# soffit nailer?



## DannyT

a hammer and roofing nails always worked for us


----------



## ratherbefishing

18g brads are pretty small. I just finished installing wood soffit, fascia and trim. I don't own a trim nailer, so I used the brad nailer to hold the 1/4 round in place until I banged in 8d finishing nails. The soffit got nails with heads, 8d and 10d. Fascia got 10d finish nails. 

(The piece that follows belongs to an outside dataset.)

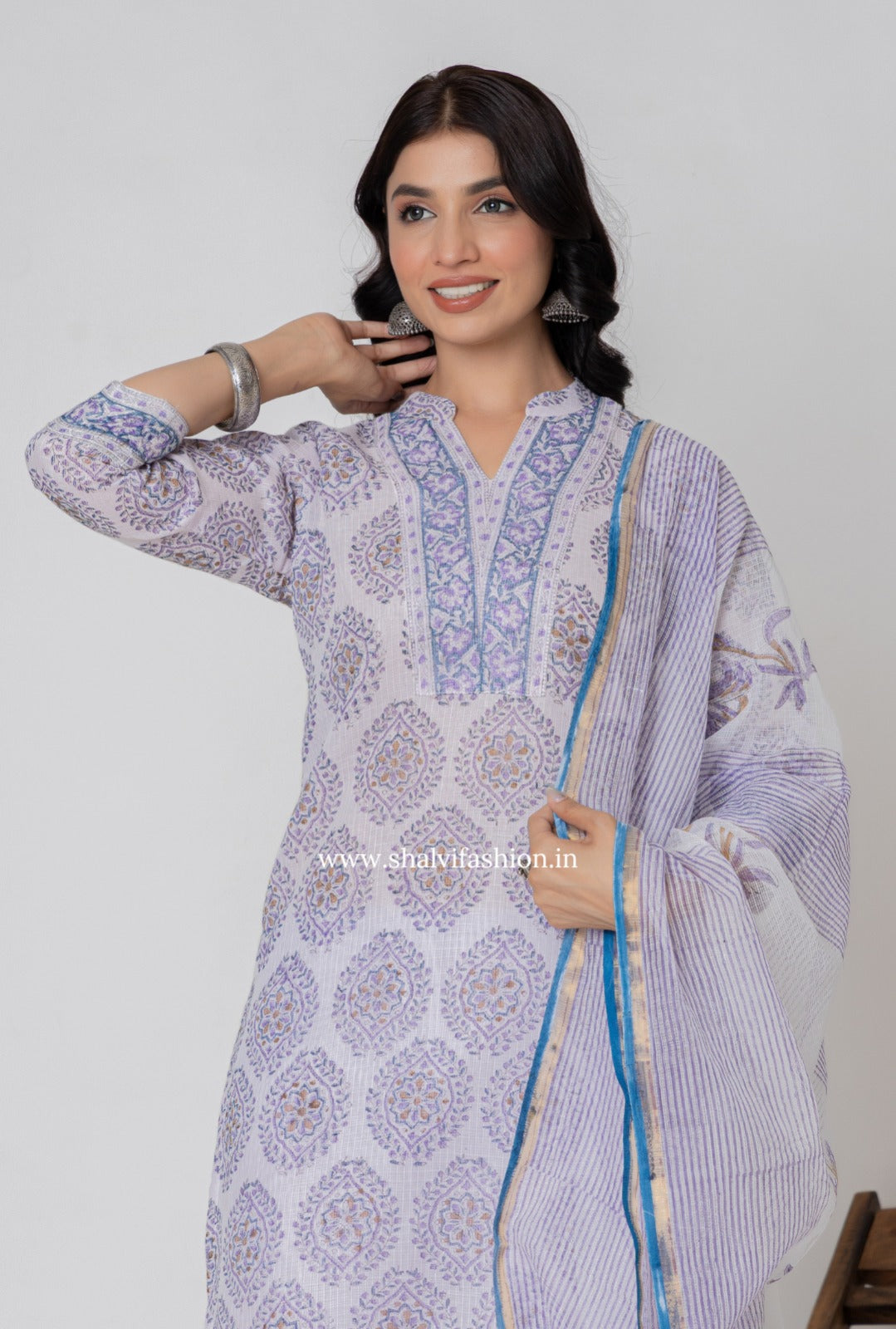 Shop hand block printed kota doria suits online (CSS318)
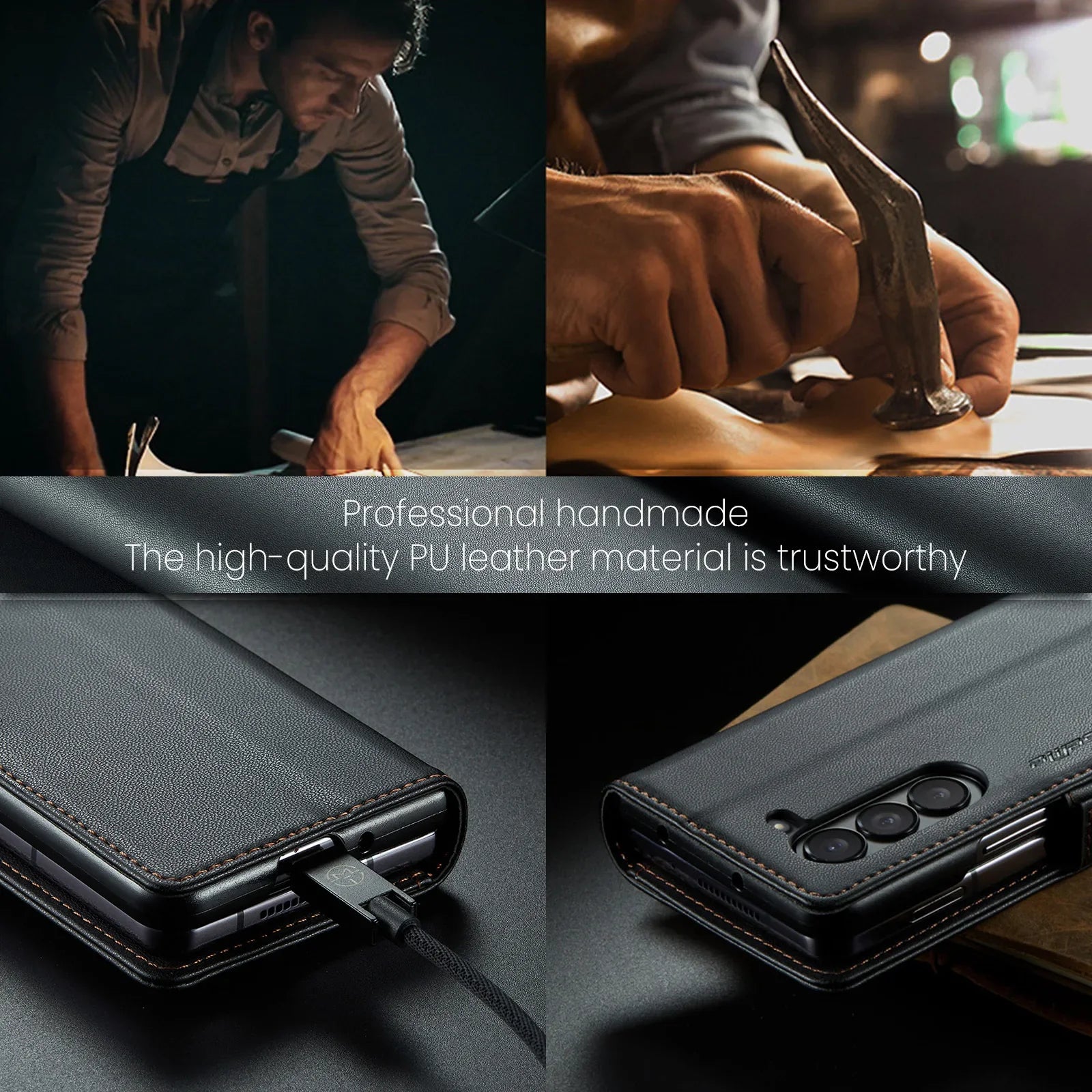 Leather Wallet Case For Galaxy Z Fold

I've never installed aluminum, but it seems like it would need a nail with a head, since there's little to no friction/grip on the shank of the nail.


----------



## Tom Struble

usually i use the trim nails for aluminum trim but if you want to use air you can use a narrow crown stapler,this is just for aluminum,don't use it for vinyl soffit


----------



## DexterII

Another vote for a hammer and nails. One of the biggest mistakes that people make with trim, in my opinion, is to place the nails too close together, or nail it too tight. Various building materials, wood, vinyl, aluminum, etc. expand and contract at various rates, so although fastened together, need to to be able to float a bit. Use a hammer and nail, and drive the nail so that it holds but does not distort anything. Unless you do it for a living, that's hard to do while standing on a ladder, holding trim in place with one hand, a nailer in the other hand, and trying not to get wrapped up in an air hose.


----------